Short text fragments from websites:
○ ○ ○ ○ ○
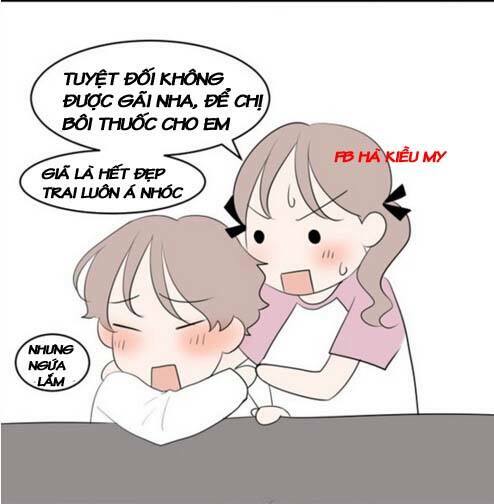 Mối Tình Đơn Phương: Chapter 25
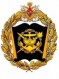 Логотип Филиал ВМА в Калининграде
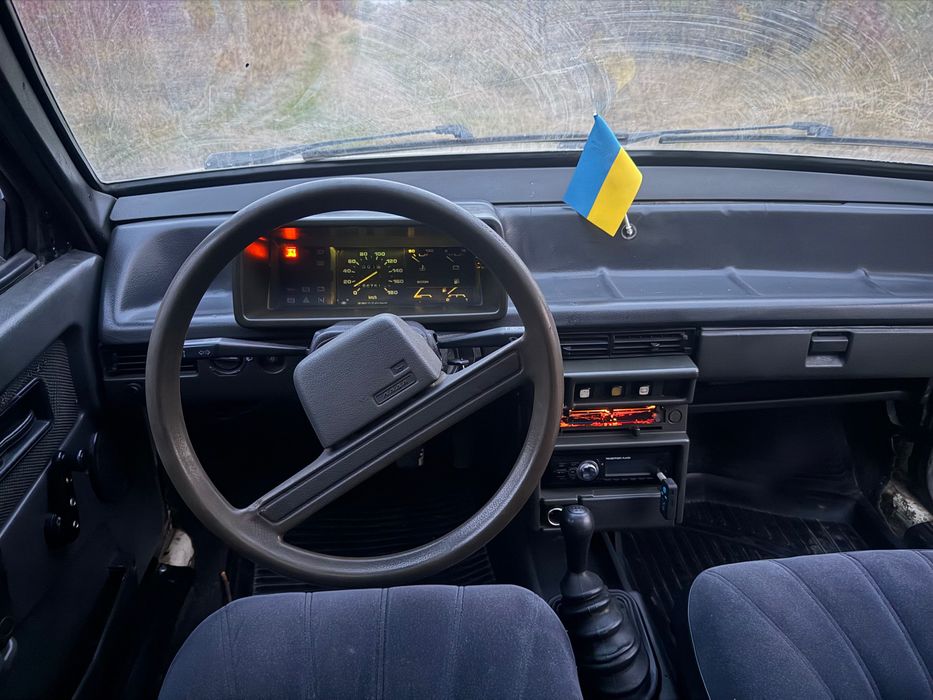 Ваз 2109 експорт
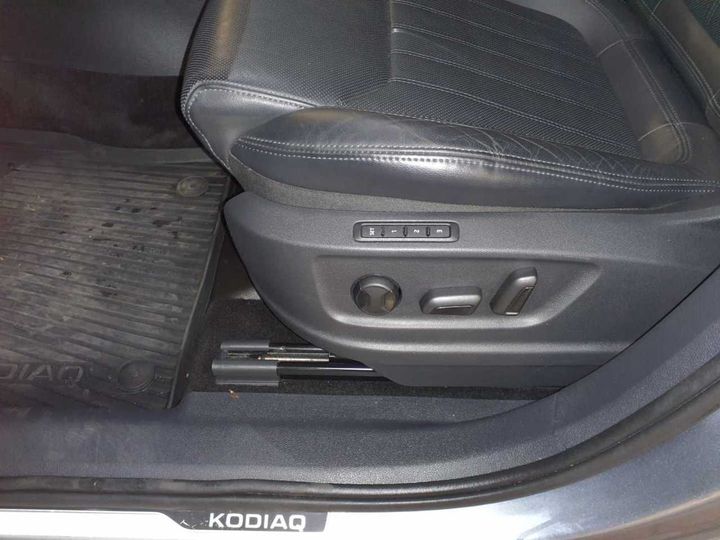 Photo 16 VIN: TMBLK7NS6K8074876 - SKODA KODIAQ 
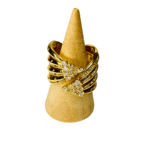 Anillo "Cuarteto de Lujo" - Image 2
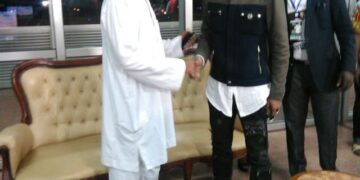 Après sa maladie : Rigobert Song de retour au Cameroun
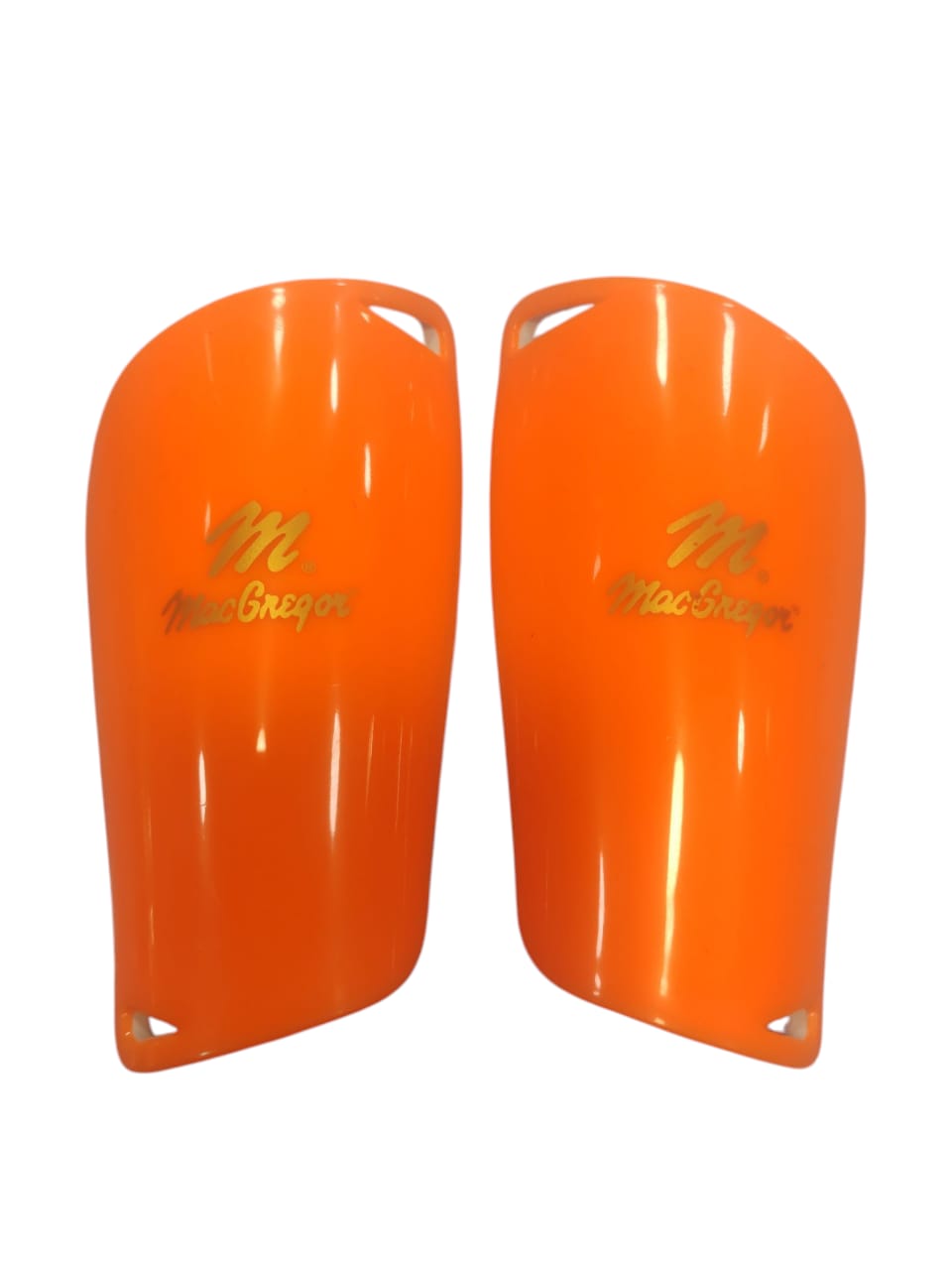 Canilleras de Futbol Macgregor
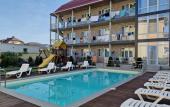 Туры в отель Cher&Nika Guest house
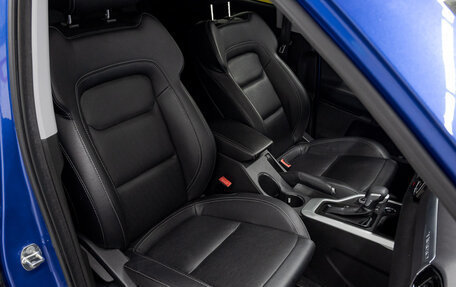 Chery Tiggo 4 I рестайлинг, 2020 год, 1 377 000 рублей, 18 фотография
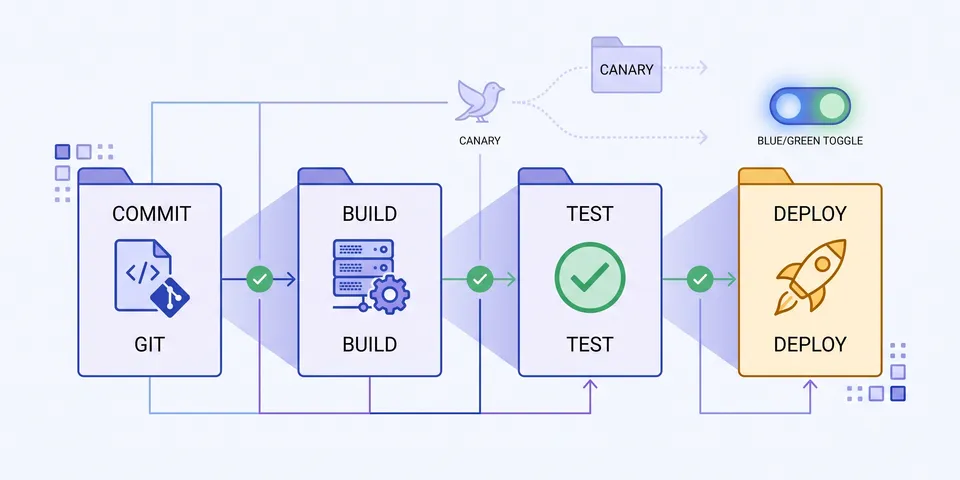 CI/CD & Automation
○ ○ ○ ○ ○
-- Problem --
Emit the lines of the data above from the one containing "Photo 16 VIN: TMBLK7NS6K8074876" through its final line, both endpoints included. Pictures do not belong in the output.

-- Solution for this problem --
 Photo 16 VIN: TMBLK7NS6K8074876 - SKODA KODIAQ 
 Anillo "Cuarteto de Lujo" - Image 2
 Après sa maladie : Rigobert Song de retour au Cameroun
 Canilleras de Futbol Macgregor
 Туры в отель Cher&Nika Guest house
 Chery Tiggo 4 I рестайлинг, 2020 год, 1 377 000 рублей, 18 фотография
 CI/CD & Automation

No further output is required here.